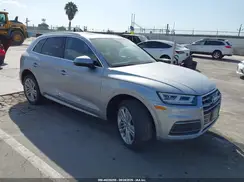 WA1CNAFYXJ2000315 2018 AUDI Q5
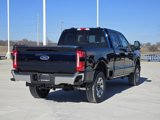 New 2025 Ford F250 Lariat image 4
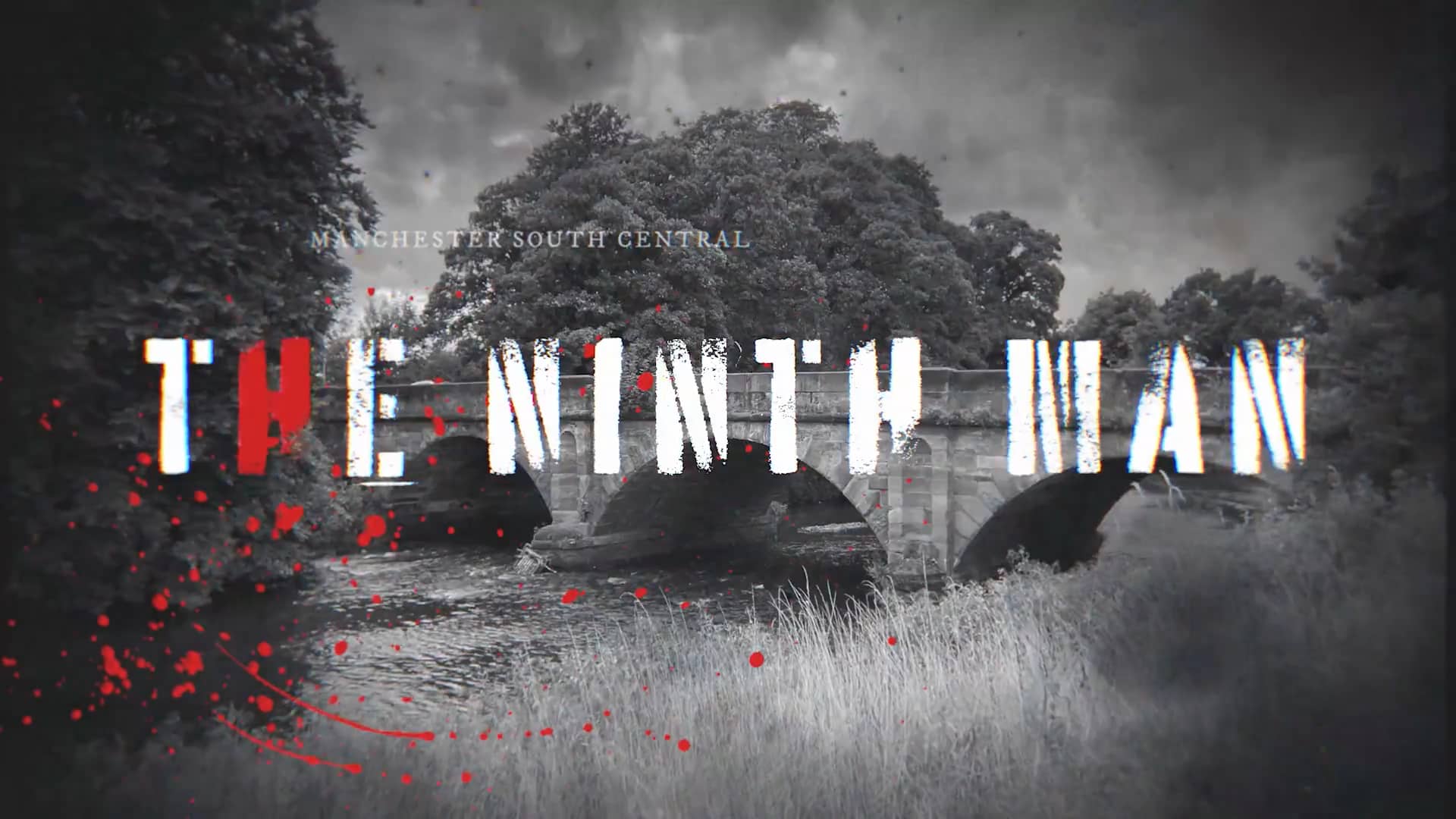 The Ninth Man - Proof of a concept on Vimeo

********************

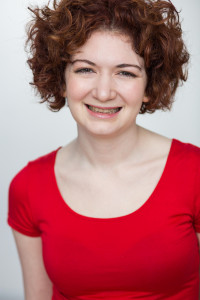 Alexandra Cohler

********************

§ **What is needed**
In the listing above, find the line with "New 2025 Ford F250 Lariat image 4" and output every line through the one with "The Ninth Man - Proof of a concept on Vimeo", exactly, without the pictures.

§ **Answer to the problem**
 New 2025 Ford F250 Lariat image 4
 The Ninth Man - Proof of a concept on Vimeo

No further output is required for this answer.